_TASK_
Once the line containing "Senior Couple Toasting" is reached in the listing below, reproduce it and all later lines through the final one exactly, but omit any pictures.

_MATERIAL PROVIDED_
■ ■ ■ ■

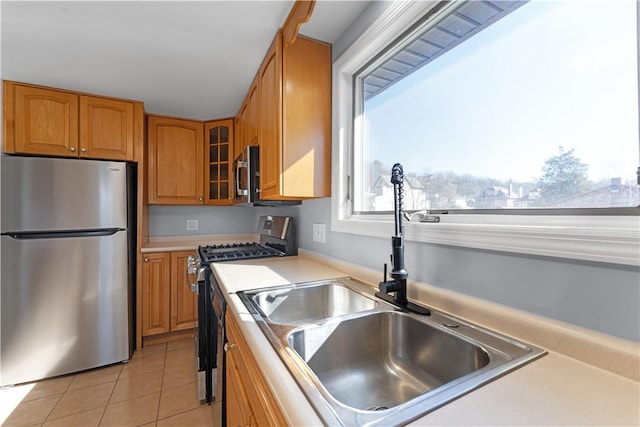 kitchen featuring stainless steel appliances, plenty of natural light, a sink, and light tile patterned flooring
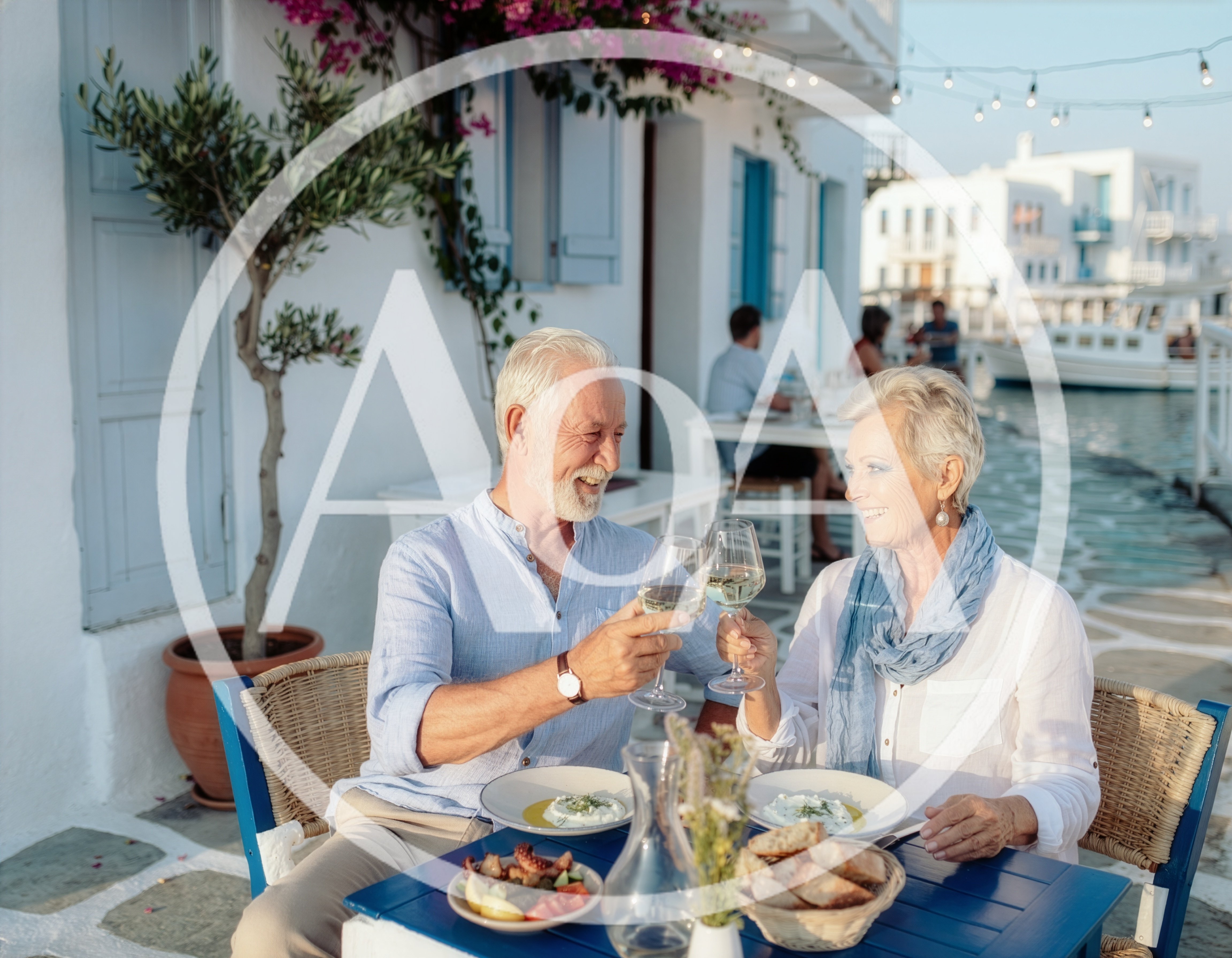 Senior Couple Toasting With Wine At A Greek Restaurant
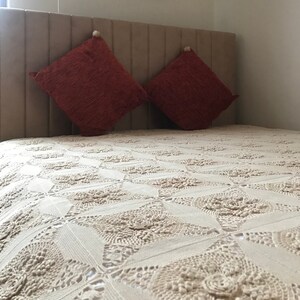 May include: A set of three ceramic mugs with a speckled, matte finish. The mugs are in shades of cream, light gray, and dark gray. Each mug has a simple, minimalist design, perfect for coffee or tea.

■ ■ ■ ■

_YOUR RESPONSE_
 Senior Couple Toasting With Wine At A Greek Restaurant
 May include: A set of three ceramic mugs with a speckled, matte finish. The mugs are in shades of cream, light gray, and dark gray. Each mug has a simple, minimalist design, perfect for coffee or tea.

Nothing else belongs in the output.